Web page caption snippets
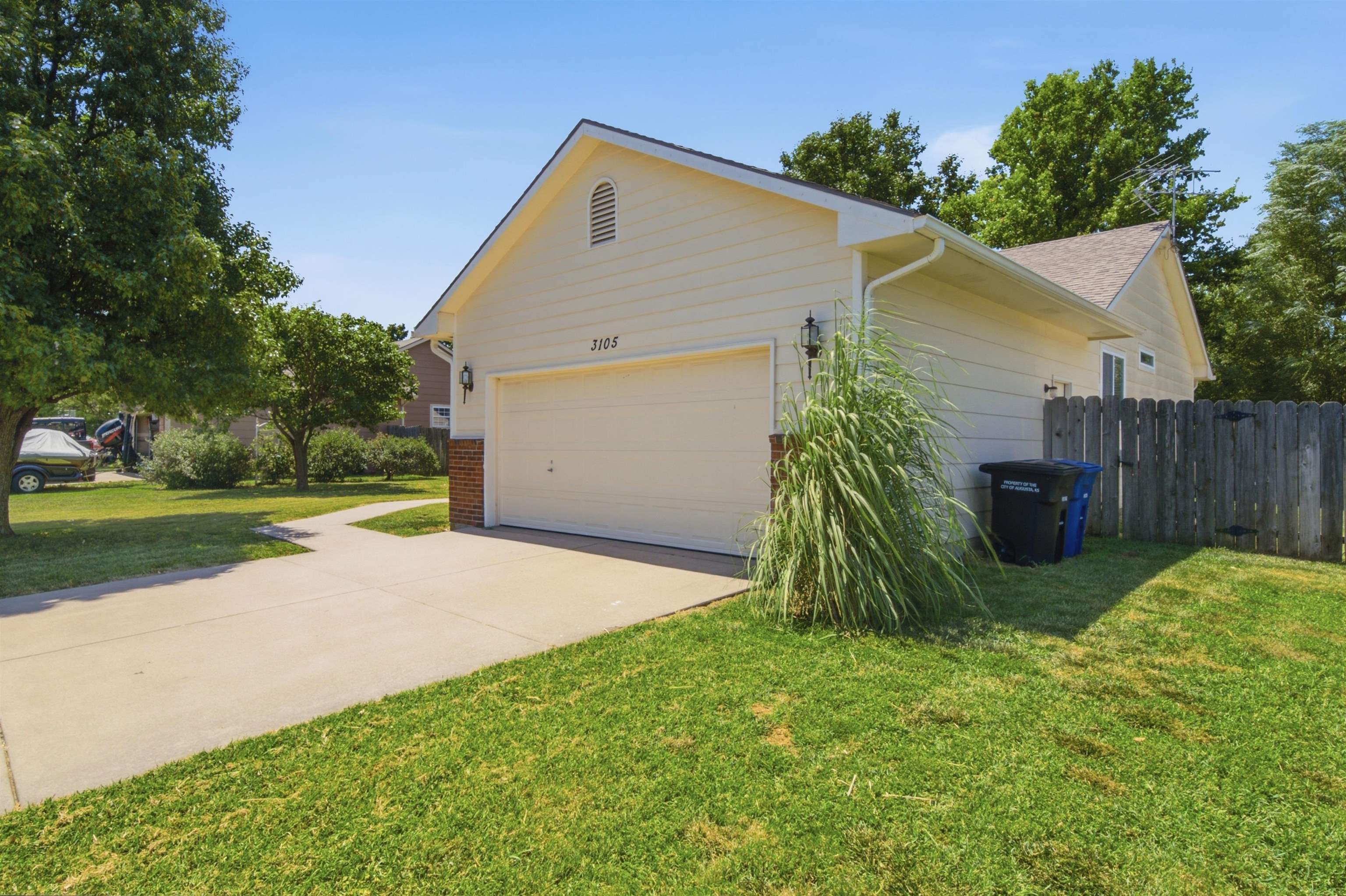 3105 N Susan St Property Photo 2
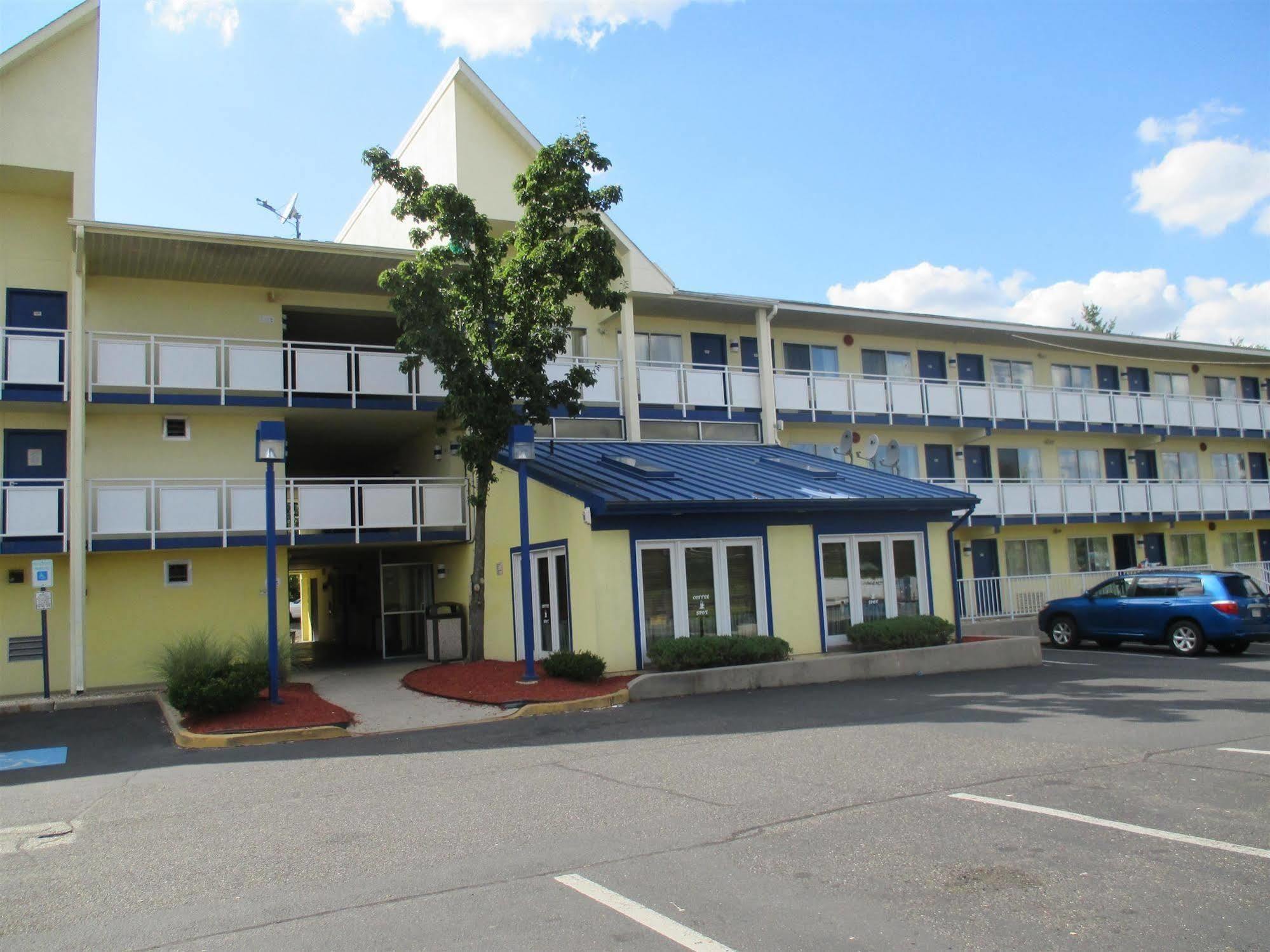 Rodeway Inn Brooklawn Bagian luar foto
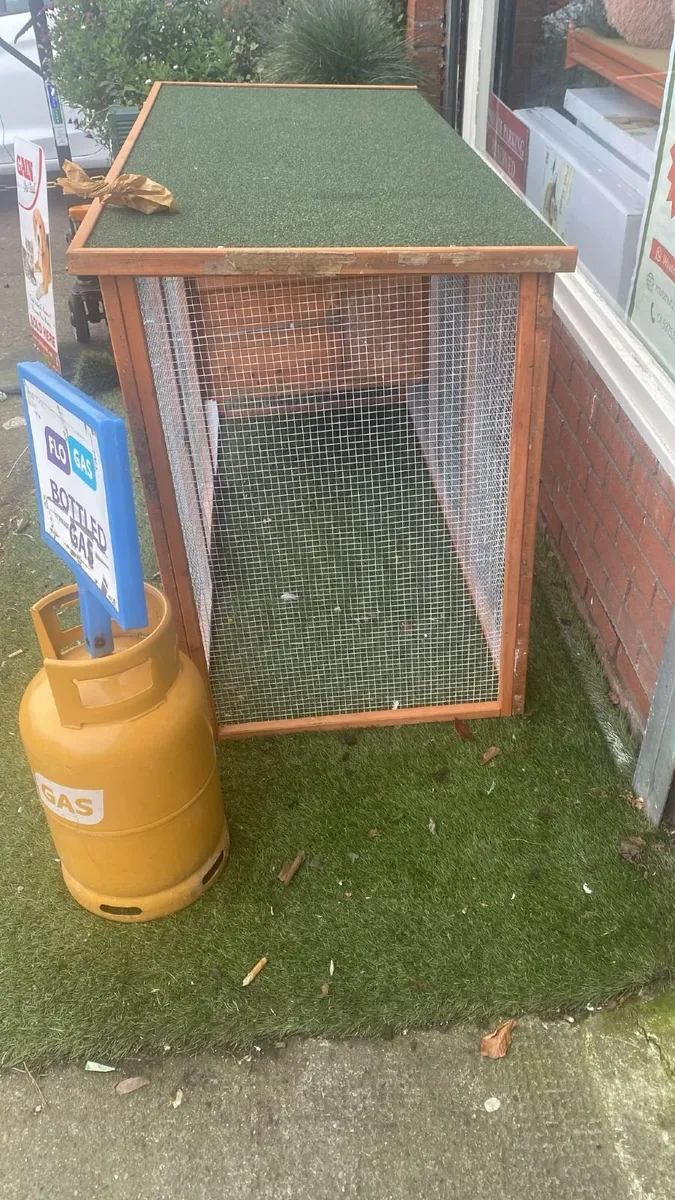 Wooden chicken coop - Image 1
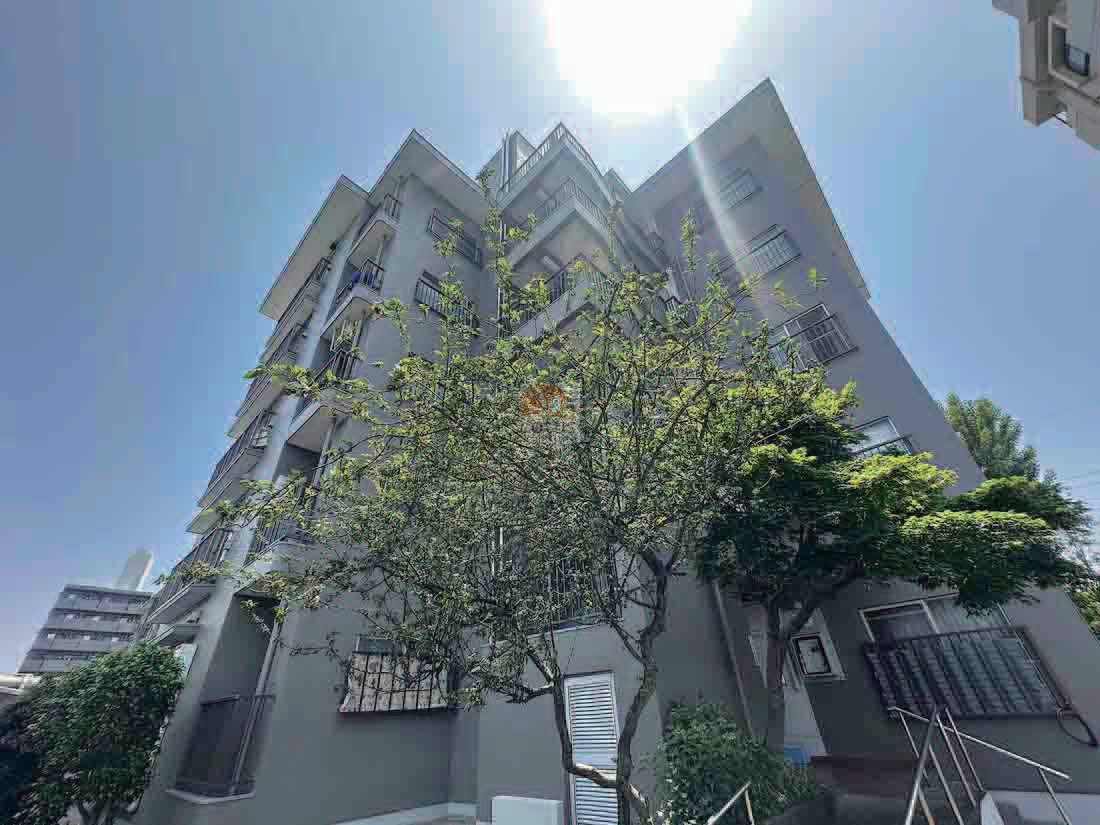 パークハイツ高島平は、昭和５１年築、５階建てのマンションです。低層ながら角度を持たせたファサードが特徴で、日差しを受けたバルコニーと植栽が印象的。自然と陽当たりに恵まれた穏やかな立地に建つ住まい。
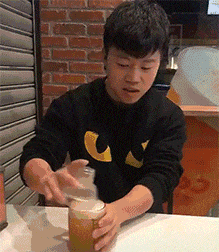 女朋友|自己的女朋友跪着宠完!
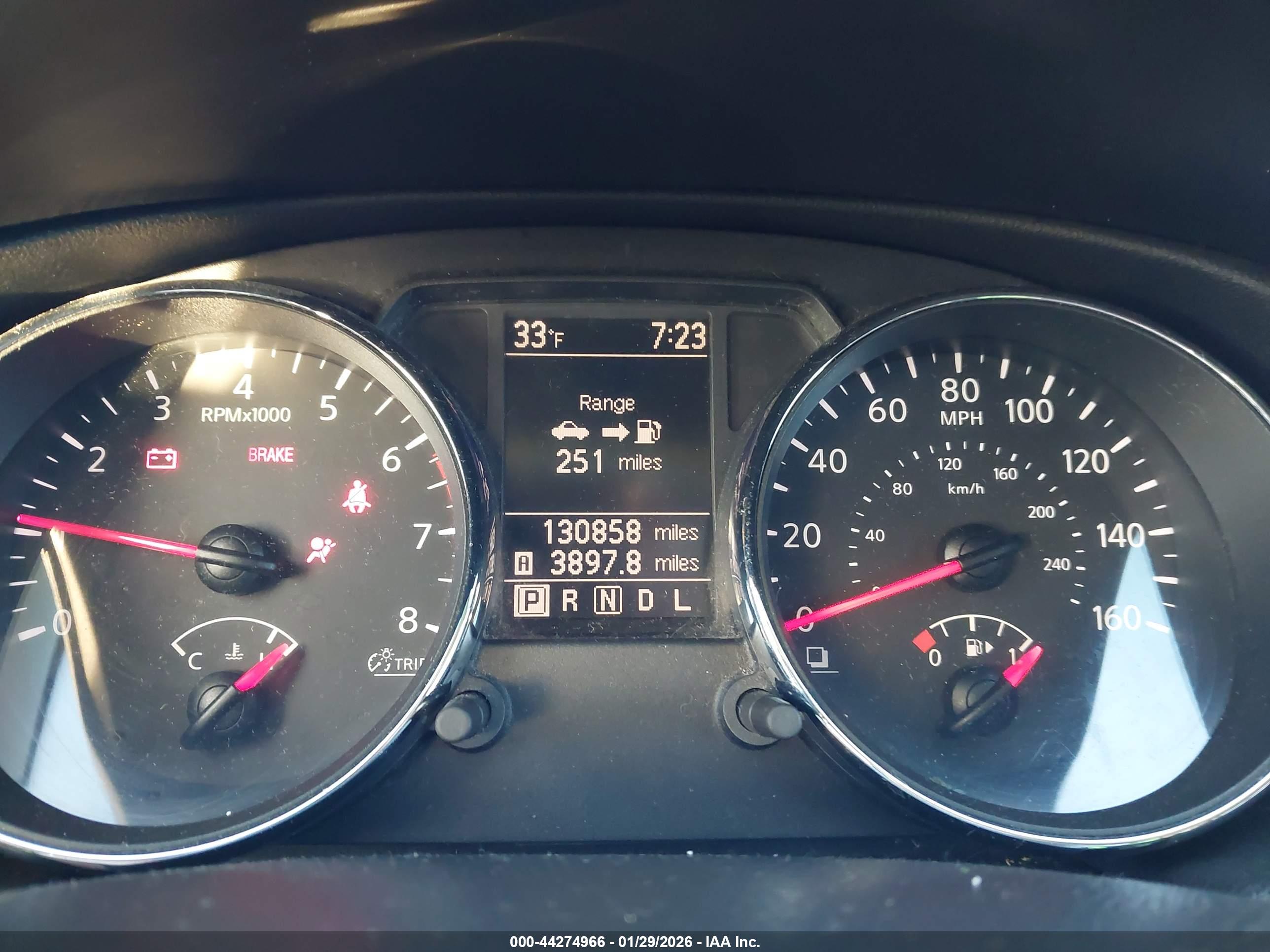NISSAN ROGUE image 7
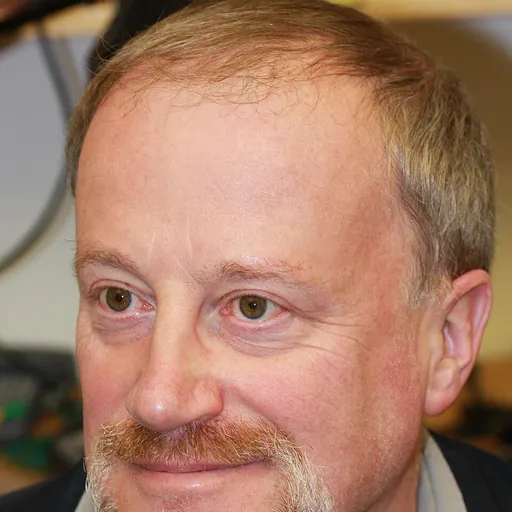 Portrait of Ross J. Anderson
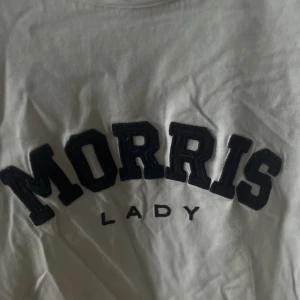 Morris t-shirt - Andvänd ett få tal gånger  Vid köp av denna och en likadan i grön- 250kr för båda 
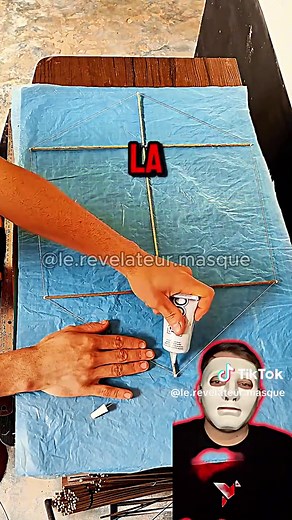 Fabriquer un cerf-volant avec un sac bleu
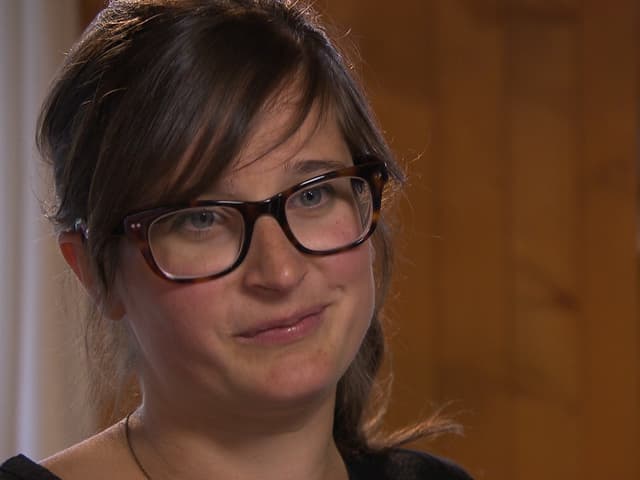 Nahaufnahme der Künstlerin Camille Scherrer. Nahaufnahme der Künstlerin Camille Scherrer.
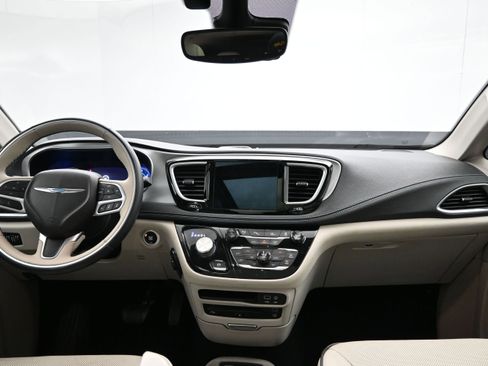 Used 2018 Chrysler Pacifica Limited w/ Advanced Safetytec Group FWD image 20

## YOUR OBJECTIVE
What is needed is an exact repeat of the lines from the one containing "Fabriquer un cerf-volant avec un sac bleu" through the last line of the records above, both included, with pictures left out.

## WRITTEN ANSWER
 Fabriquer un cerf-volant avec un sac bleu
 Nahaufnahme der Künstlerin Camille Scherrer. Nahaufnahme der Künstlerin Camille Scherrer.
 Used 2018 Chrysler Pacifica Limited w/ Advanced Safetytec Group FWD image 20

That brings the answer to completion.